Słowniki podają, że wyrazy krakowianin i krakus (a także krakowiak) to synonimy. Jednak zdaniem najsłynniejszych krakauerologów Mieczysława Czumy i Leszka Mazana (autorów książki „Austriackie gadanie, czyli encyklopedia galicyjska”) istnieje wyraźna różnica znaczeniowa między tymi określeniami. Ktoś może być na przykład krakusem, ale nie jest już… krakowianinem! Dlaczego? Dlatego że krakowianin to ‘mieszkaniec Krakowa’, a krakus to ‘ten, kto się urodził w Krakowie’. Jeśli więc wyjechało się z Krakowa i mieszka w stolicy, pozostaje się nadal krakusem, jednak jest się już warszawianinem. Można być jeszcze krakauerem, czyli ‘osobą, której tradycje rodzinne sięgają czasów Najjaśniejszego Cesarza Franciszka Józefa I’. Krakauera poznać po tym, że do dziś zachowuje zwyczaje mieszczańskie, używa typowo krakowskich powiedzonek.

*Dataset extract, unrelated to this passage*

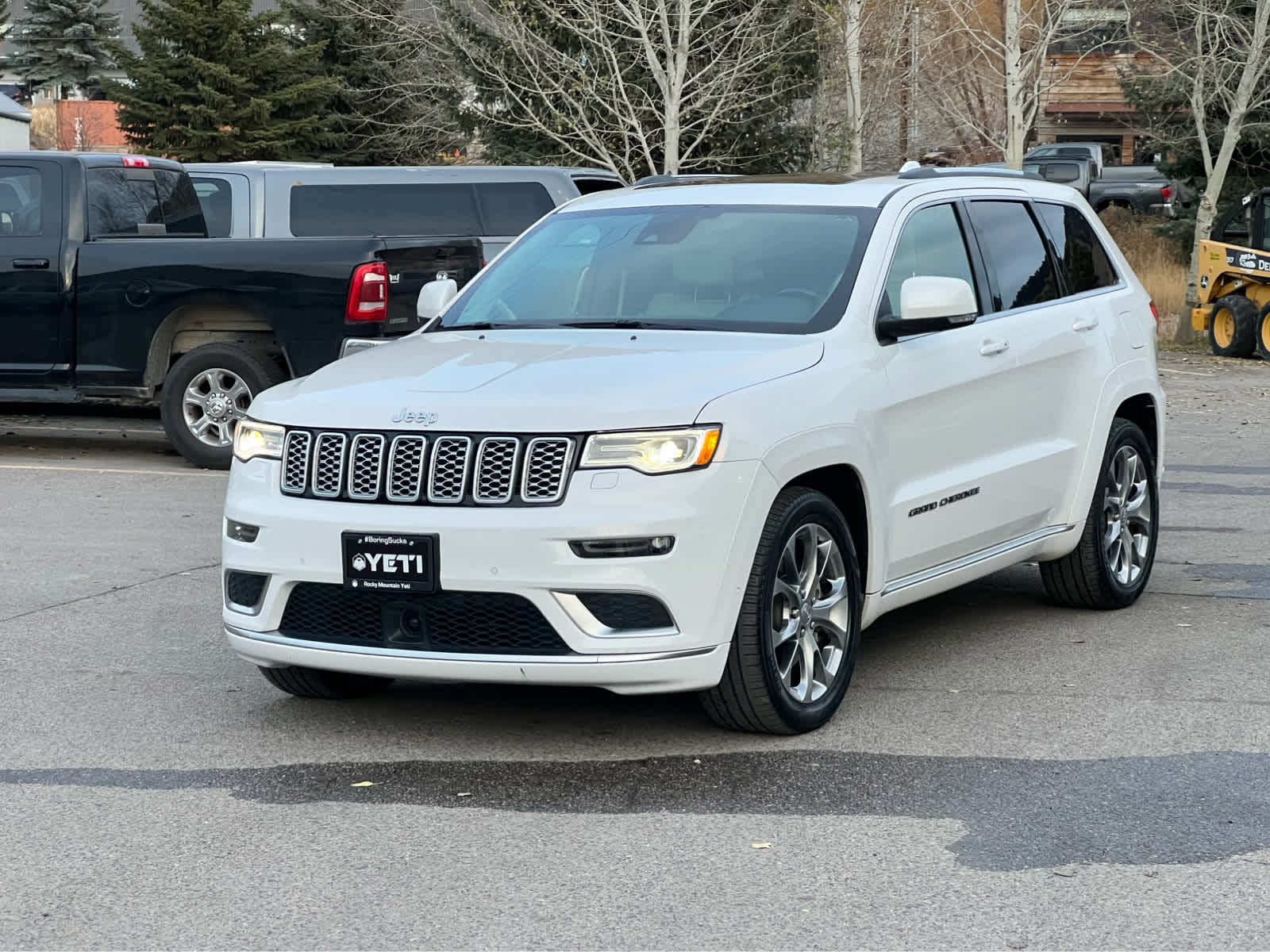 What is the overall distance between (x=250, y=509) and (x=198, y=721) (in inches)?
33.2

Kiedy zwraca się do kobiet, mówi: Całuję rączki; Padam do nóżek, a gdy do osób z tytułami naukowymi − Wielce Szanowny Pan Profesor pozwoli; Witam Wielmożną Panią Doktor; Moje uniżone uszanowanie Panu Radcy. Ciekawe, że owa tytulatura była zawsze o stopień wyższa od rzeczywistej (docenta w Krakowie czy we Lwowie tytułowano profesorem).